= Physical coding sublayer =

Networking protocol sublayer

The physical coding sublayer (PCS) is a networking protocol sublayer in the Fast Ethernet, Gigabit Ethernet, and 10 Gigabit Ethernet standards. It resides at the top of the physical layer (PHY), and provides an interface between the physical medium attachment (PMA) sublayer and the media-independent interface (MII). It is responsible for data encoding and decoding, scrambling and descrambling, alignment marker insertion and removal, block and symbol redistribution, and lane block synchronization and deskew.

== Description ==
The Ethernet PCS sublayer is at the top of the Ethernet physical layer (PHY).

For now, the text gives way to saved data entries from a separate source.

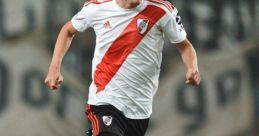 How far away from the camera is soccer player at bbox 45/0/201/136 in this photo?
6.12 meters

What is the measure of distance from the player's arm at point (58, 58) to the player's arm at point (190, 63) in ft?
2.66

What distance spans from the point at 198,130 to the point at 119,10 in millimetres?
4087

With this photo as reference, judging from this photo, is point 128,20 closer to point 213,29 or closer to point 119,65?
point 119,65

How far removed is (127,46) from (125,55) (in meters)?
0.07

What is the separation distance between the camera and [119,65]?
6.17m

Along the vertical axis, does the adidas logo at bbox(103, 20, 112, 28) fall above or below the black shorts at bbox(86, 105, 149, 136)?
above

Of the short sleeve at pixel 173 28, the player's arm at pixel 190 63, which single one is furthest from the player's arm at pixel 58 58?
the player's arm at pixel 190 63

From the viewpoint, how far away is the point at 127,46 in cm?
614

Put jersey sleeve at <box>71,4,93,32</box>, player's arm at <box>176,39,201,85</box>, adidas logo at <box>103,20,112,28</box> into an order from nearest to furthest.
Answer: player's arm at <box>176,39,201,85</box> < adidas logo at <box>103,20,112,28</box> < jersey sleeve at <box>71,4,93,32</box>

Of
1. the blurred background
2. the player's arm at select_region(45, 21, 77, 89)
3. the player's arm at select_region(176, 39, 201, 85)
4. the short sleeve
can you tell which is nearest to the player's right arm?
the player's arm at select_region(45, 21, 77, 89)

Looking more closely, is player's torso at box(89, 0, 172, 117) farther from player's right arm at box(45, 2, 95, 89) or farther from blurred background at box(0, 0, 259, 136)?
blurred background at box(0, 0, 259, 136)

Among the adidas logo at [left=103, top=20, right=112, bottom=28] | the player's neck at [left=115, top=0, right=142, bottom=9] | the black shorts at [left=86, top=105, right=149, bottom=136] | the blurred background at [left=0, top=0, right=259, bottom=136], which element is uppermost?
the player's neck at [left=115, top=0, right=142, bottom=9]

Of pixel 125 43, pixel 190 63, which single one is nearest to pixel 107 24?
pixel 125 43

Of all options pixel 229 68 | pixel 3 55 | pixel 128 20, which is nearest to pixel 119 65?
pixel 128 20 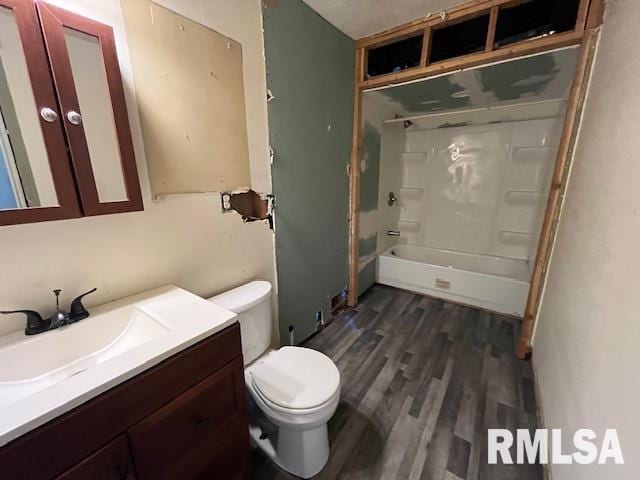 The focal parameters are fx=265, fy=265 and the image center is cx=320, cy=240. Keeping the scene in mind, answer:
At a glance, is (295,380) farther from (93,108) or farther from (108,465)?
(93,108)

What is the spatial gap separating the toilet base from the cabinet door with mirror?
123cm

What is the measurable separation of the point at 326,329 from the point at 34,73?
7.24 ft

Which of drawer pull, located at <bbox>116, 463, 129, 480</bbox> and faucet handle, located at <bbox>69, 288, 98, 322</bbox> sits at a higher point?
faucet handle, located at <bbox>69, 288, 98, 322</bbox>

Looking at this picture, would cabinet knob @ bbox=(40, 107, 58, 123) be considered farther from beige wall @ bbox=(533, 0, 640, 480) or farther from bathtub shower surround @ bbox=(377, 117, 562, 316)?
bathtub shower surround @ bbox=(377, 117, 562, 316)

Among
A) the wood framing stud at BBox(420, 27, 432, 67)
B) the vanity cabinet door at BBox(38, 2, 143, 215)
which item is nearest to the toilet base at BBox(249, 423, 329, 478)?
the vanity cabinet door at BBox(38, 2, 143, 215)

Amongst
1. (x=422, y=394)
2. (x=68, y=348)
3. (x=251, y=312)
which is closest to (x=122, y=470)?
(x=68, y=348)

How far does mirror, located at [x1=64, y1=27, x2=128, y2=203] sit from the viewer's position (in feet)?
2.89

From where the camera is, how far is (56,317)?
2.89 feet

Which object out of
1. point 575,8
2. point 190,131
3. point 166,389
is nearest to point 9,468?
point 166,389

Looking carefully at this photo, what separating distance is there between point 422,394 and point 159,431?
149cm

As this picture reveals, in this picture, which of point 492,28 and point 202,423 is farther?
point 492,28

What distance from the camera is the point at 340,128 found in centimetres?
215

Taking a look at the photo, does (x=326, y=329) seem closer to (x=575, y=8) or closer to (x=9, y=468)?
(x=9, y=468)

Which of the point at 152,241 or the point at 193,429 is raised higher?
the point at 152,241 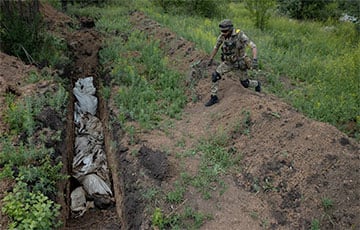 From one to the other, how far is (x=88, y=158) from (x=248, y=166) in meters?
2.88

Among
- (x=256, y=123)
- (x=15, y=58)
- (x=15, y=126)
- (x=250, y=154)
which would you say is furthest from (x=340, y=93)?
(x=15, y=58)

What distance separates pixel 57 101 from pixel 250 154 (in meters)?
3.55

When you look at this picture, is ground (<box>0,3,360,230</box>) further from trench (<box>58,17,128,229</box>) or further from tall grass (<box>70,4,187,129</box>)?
tall grass (<box>70,4,187,129</box>)

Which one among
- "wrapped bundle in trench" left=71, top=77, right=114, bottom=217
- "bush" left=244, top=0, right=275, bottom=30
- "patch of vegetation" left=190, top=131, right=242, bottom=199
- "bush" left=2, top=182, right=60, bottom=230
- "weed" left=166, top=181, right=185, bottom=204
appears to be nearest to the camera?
"bush" left=2, top=182, right=60, bottom=230

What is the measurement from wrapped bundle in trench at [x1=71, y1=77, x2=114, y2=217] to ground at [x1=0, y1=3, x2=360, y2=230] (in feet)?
0.60

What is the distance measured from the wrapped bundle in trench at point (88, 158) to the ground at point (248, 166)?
0.60ft

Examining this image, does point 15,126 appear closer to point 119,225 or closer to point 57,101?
point 57,101

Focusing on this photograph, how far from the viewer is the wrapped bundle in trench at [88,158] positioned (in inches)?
226

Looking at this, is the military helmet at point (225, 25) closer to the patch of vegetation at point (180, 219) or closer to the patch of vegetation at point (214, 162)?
the patch of vegetation at point (214, 162)

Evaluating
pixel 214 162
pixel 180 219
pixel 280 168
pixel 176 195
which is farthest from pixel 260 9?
pixel 180 219

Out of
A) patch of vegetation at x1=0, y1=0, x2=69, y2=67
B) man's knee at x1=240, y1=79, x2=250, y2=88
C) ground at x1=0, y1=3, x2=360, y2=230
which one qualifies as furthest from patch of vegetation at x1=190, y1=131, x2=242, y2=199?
patch of vegetation at x1=0, y1=0, x2=69, y2=67

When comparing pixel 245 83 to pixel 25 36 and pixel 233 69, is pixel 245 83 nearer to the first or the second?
pixel 233 69

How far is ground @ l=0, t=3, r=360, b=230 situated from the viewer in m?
4.44

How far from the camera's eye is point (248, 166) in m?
5.11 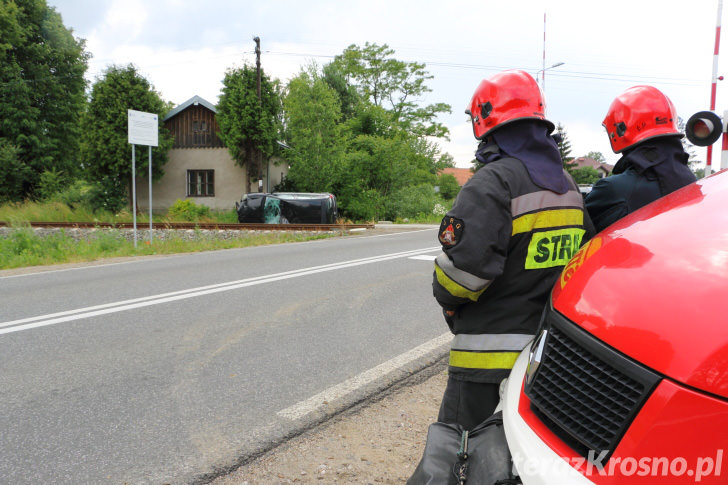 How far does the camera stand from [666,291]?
1051mm

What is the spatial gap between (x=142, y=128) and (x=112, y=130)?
14.9 metres

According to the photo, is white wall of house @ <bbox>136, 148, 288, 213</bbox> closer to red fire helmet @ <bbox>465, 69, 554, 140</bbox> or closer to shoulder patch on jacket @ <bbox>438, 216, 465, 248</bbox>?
red fire helmet @ <bbox>465, 69, 554, 140</bbox>

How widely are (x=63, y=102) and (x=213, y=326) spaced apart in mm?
37542

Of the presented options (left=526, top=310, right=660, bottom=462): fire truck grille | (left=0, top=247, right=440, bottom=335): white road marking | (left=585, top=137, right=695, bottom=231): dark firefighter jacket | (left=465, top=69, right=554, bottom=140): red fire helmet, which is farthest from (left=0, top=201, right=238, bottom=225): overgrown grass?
(left=526, top=310, right=660, bottom=462): fire truck grille

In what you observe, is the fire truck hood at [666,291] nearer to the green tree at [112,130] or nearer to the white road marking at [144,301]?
the white road marking at [144,301]

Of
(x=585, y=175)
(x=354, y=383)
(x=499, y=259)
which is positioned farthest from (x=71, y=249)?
(x=585, y=175)

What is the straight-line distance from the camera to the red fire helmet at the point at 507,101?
2043 mm

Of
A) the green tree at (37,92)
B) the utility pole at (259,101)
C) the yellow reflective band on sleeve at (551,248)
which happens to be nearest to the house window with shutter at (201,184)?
the utility pole at (259,101)

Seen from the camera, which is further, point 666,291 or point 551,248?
point 551,248

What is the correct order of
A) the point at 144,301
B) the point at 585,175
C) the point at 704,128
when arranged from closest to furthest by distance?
the point at 704,128 < the point at 144,301 < the point at 585,175

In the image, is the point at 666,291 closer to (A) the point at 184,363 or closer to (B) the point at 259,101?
(A) the point at 184,363

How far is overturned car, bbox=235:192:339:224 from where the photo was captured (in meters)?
22.3

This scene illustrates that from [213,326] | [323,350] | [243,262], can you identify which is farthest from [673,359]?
[243,262]

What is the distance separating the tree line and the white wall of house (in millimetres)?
1194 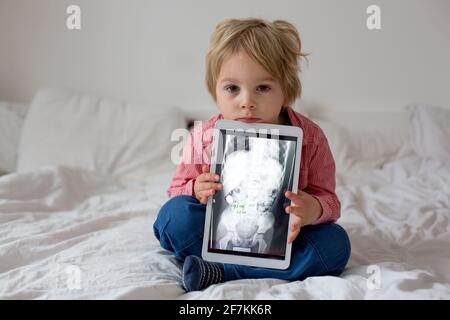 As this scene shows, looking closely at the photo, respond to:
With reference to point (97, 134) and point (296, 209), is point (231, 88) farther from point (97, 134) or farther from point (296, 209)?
point (97, 134)

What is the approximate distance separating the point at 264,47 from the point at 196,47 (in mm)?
1143

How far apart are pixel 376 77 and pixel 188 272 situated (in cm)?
148

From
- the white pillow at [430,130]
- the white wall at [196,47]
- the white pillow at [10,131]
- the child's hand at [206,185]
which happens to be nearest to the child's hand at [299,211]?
the child's hand at [206,185]

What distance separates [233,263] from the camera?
107 cm

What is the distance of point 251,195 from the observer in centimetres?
108

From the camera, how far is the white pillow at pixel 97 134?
1999 mm

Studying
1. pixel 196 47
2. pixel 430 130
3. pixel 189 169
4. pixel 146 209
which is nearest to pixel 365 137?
pixel 430 130

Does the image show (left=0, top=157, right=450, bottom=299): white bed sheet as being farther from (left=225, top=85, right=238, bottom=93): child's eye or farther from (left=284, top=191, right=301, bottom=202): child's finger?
(left=225, top=85, right=238, bottom=93): child's eye

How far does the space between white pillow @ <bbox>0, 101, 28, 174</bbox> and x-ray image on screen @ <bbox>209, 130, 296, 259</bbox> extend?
1244mm

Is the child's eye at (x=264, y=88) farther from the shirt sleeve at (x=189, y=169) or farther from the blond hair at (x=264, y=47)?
the shirt sleeve at (x=189, y=169)

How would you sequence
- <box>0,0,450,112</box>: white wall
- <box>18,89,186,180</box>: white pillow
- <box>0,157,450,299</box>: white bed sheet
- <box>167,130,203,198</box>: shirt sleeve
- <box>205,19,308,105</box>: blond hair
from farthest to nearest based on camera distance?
<box>0,0,450,112</box>: white wall → <box>18,89,186,180</box>: white pillow → <box>167,130,203,198</box>: shirt sleeve → <box>205,19,308,105</box>: blond hair → <box>0,157,450,299</box>: white bed sheet

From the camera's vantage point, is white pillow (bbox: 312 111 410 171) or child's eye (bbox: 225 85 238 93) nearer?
child's eye (bbox: 225 85 238 93)

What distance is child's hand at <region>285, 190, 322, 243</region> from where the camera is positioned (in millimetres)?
1052

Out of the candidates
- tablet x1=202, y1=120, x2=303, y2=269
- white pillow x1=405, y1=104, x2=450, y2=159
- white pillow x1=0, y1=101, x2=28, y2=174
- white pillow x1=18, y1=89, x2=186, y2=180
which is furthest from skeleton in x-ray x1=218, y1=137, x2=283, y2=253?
white pillow x1=0, y1=101, x2=28, y2=174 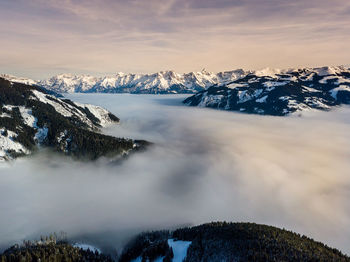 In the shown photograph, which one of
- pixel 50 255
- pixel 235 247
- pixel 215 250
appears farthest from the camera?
pixel 215 250

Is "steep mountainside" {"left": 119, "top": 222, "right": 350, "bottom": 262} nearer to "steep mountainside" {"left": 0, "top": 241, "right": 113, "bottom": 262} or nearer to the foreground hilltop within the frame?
the foreground hilltop

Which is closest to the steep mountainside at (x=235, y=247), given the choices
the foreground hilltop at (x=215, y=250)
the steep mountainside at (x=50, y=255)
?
the foreground hilltop at (x=215, y=250)

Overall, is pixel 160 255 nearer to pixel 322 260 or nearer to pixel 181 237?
pixel 181 237

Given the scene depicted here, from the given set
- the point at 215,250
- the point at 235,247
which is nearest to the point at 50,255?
the point at 215,250

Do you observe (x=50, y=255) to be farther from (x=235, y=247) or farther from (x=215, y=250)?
(x=235, y=247)

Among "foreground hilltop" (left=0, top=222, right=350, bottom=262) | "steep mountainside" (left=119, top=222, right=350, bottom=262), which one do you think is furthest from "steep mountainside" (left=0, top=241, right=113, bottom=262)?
"steep mountainside" (left=119, top=222, right=350, bottom=262)

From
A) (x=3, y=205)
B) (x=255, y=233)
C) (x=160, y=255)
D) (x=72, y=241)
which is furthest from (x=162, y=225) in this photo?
(x=3, y=205)

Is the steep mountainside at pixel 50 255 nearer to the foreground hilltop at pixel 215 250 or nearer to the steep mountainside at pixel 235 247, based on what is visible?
the foreground hilltop at pixel 215 250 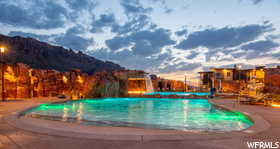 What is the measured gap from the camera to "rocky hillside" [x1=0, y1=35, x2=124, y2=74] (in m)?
42.1

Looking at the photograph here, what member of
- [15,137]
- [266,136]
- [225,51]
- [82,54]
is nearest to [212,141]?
[266,136]

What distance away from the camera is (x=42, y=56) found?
50.2m

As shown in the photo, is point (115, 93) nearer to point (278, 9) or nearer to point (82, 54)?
point (278, 9)

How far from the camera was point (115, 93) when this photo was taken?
68.5ft

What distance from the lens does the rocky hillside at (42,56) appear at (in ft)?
138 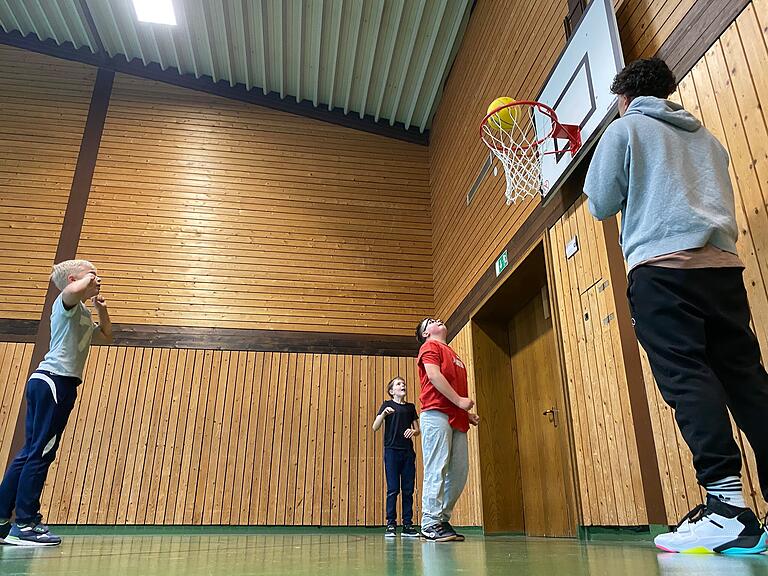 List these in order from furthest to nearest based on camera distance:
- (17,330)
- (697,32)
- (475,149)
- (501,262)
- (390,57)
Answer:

The hierarchy is as follows:

- Data link layer (Layer 2)
  - Logical link control (LLC) sublayer
  - Medium access control (MAC) sublayer
    - Reconciliation sublayer (RS)This sublayer processes PHY local/remote fault messages and handles DDR conversion
- PHY Layer (Layer 1)
  - Physical coding sublayer (PCS)This sublayer determines when a functional link has been established, provides rate difference compensation, and performs coding such as 64b/66b encoding and $x^{58}+x^{39}+1$ scrambling/descrambling
  - Physical medium attachment (PMA) sublayerThis sublayer performs PMA framing, octet synchronization/detection, and $x^{7}+x^{6}+1$ scrambling/descrambling
  - Physical medium dependent (PMD) sublayerThis sublayer consists of a transceiver for the physical medium

== Specifications ==

===10 Mbit/s Ethernet===
- Classic Ethernet uses Manchester code in the Physical signaling sublayer (PLS), encoding each bit as a high-low (logical zero) or low-high transition (logical one).

===Fast Ethernet ===
- 100BASE-X for fiber (100BASE-FX) and twisted pair copper (100BASE-TX) encodes data nibbles to five-bit code groups (4B5B).

=== Gigabit Ethernet ===
- 1000BASE-X for fiber and 150 Ω balanced copper (twinaxial) uses 8b/10b encoding with a symbol rate of 1.25 GBd.
- 1000BASE-T for twisted pair copper splits the data into four lanes and uses four-dimensional, five-level (quinary) trellis modulation with PAM-5 and a symbol rate of 125 MBd.

===2.5 and 5 Gigabit Ethernet===
- 2.5GBASE-T and 5GBASE-T use the same encoding as 10GBASE-T slowed by a factor of four or two, respectively.

=== 10 Gigabit Ethernet ===
- 10GBASE-R (LAN) is the serial encoded PCS using 64b/66b encoding that allows for Ethernet framing at a rate of 10.3125 Gbit/s. This rate does not match the rate 9.953 Gbit/s used in SONET and SDH and is not supported over a WAN based on SONET or SDH.
- 10GBASE-X (LAN/WAN) uses 8b/10b encoding over four lanes at 3.125 GBd each and is used for 10GBASE-LX4 (single-mode and multi-mode fiber), 10GBASE-CX4 (twinax), and 10GBASE-KX4 (backplane).
- 10GBASE-W (WAN) defines WAN encoding for 10GbE. It uses 64/66b encoding and lowers the MAC rate to 9.95 Gbit/s, so that is compatible with SONET STS-192c data rates and SDH VC-4-64 transmission standards when wrapped into a SONET frame.
- 10GBASE-T for twisted-pair copper splits the data into four lanes, and uses 64b/65b encoding, scrambling, and 128 double-square (DSQ128) checkerboard encoding with PAM-16 generated at 800 MBd.

=== 25 Gigabit Ethernet ===
- 25GBASE-R uses the same 64b/66b encoding as 10GBASE-R with a speed-up to 25.78125 GBd.

=== 40/100 Gigabit Ethernet ===
- 40GBASE-R and 100GBASE-R use 64b/66b encoding over multiple lanes of 10.3125 GBd or 25.78125 GBd each. These lanes – four for 40 Gbit/s, four or ten for 100 Gbit/s per direction – are either transmitted separately over short distance or together with coarse wavelength division multiplexing on long distance fiber (-LR).